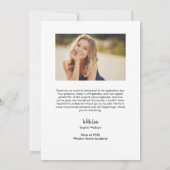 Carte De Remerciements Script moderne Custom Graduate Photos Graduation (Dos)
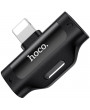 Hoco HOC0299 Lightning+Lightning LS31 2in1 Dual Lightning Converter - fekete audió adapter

# # # #

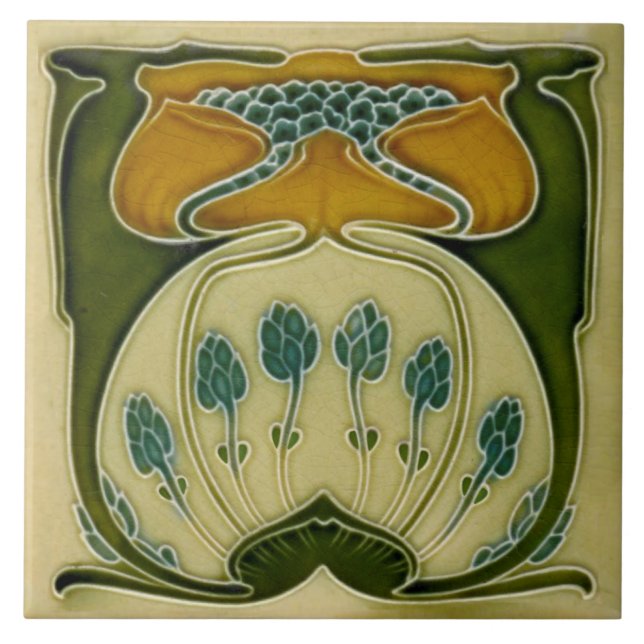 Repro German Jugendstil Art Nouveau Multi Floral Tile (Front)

# # # #

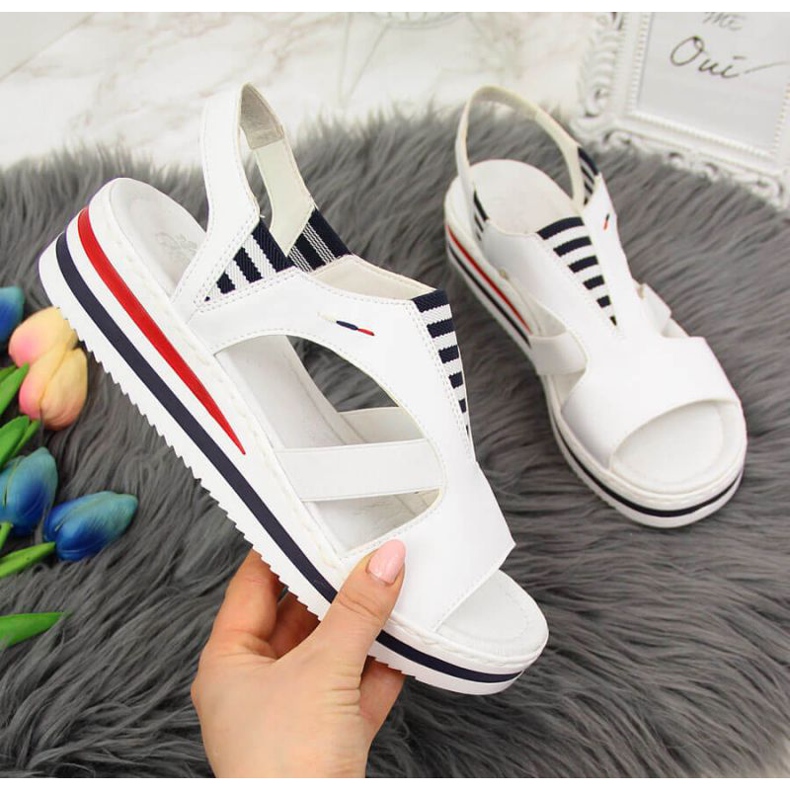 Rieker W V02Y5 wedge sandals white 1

# # # #

THE TASK:
Transcribe, word for word, the lines of the listing above from the one that contains "Carte De Remerciements" through the one that contains "Hoco HOC0299 Lightning+Lightning", keeping both ends and dropping the pictures.

TASK RESULT:
 Carte De Remerciements Script moderne Custom Graduate Photos Graduation (Dos)
 Hoco HOC0299 Lightning+Lightning LS31 2in1 Dual Lightning Converter - fekete audió adapter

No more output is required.